The desire is for customers on site to enjoy some ‘fika’ – a Swedish custom of taking a break with friends or colleagues while enjoying some coffee and cake.
He said Volvo is not seen as a brash brand, and described it as not being embarrassed about showing its traditions to customers.
“We are a safe brand first and foremost, and a comfortable brand. Those are the things the cars are built around, and now they’re becoming more stylish, a bit sexy. There’s a bit of sizzle.”
On Volvo as a partner, he said its support has been invaluable in helping to find properties, giving introductions to its systems, and sparking conversations with other franchisees.

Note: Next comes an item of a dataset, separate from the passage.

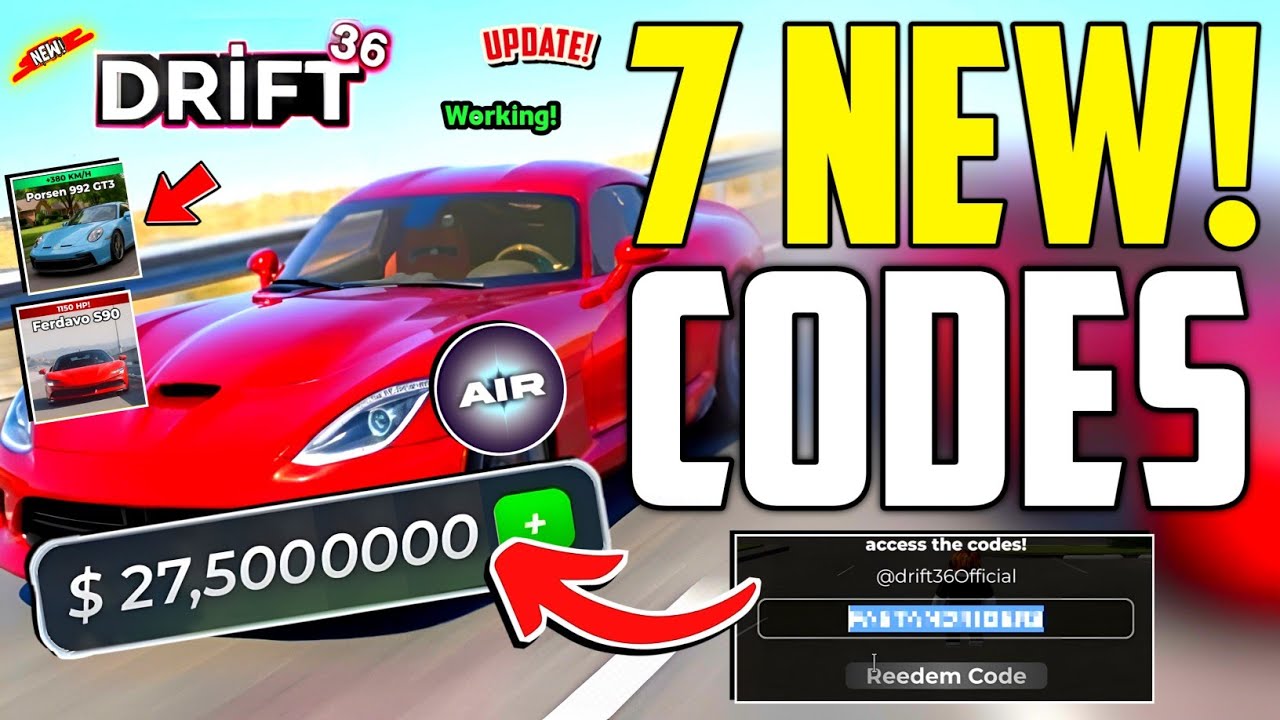 ⚠️UPDATE!💥[CODE]⚠️ DRIFT 36 ROBLOX CODES JANUARY 2026 - DRIFT 36 CODES ...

“They are very open, and very straightforward. I appreciate that approach, and if I have a problem I can phone a director and get a straightforward answer. Not everyone appreciates that level of frankness, but I do, I appreciate telling and being told things in a straightforward way.”
He said Volvo has great opportunities for Waylands with its current range and product pipeline, including electrification. But he knows the brand has limits on the level of dealership ownership it wants with any one partner.

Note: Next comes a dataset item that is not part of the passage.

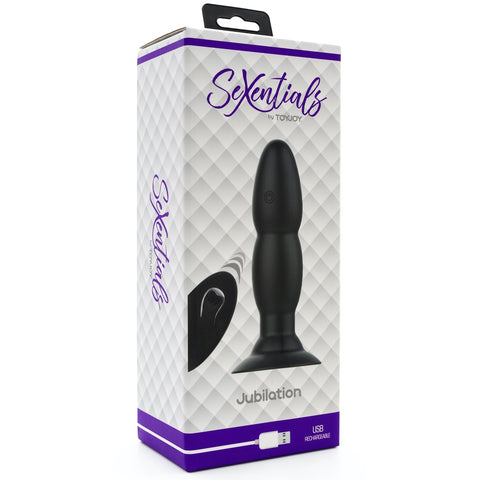 ToyJoy Sexentials Jubilation Remote Control Rechargeable Plug - Extreme Toyz Singapore - https://extremetoyz.com.sg - Sex Toys and Lingerie Online Store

“In the short to medium term, we are a company with the Volvo brand at the beating heart of it,” he said.
His years running Ridgeway across Oxfordshire, Berkshire and Hampshire ensures O’Hanlon knows his local markets well. But Waylands’ retail sites will compete for customers with other premium-brand dealerships, some owned by the major AM100 groups Inchcape, Jardine Motors Group, Sytner and Marshall – including former Ridgeway sites.
O’Hanlon believes such competition is healthy, and his territories have sufficient buyers to target, thanks to high
employment, high wealth, and lots of new housing, which will bring even more customers closer. Amid the local blue-collar demographic, there are many who aspire to owning premium brands, so there should be good opportunities there for new and used car sales.
“There’s enough pockets of wealth in these areas. There’s lots of demand, and I think we stand a chance with our level of service to stand out from some of the competition,” he said.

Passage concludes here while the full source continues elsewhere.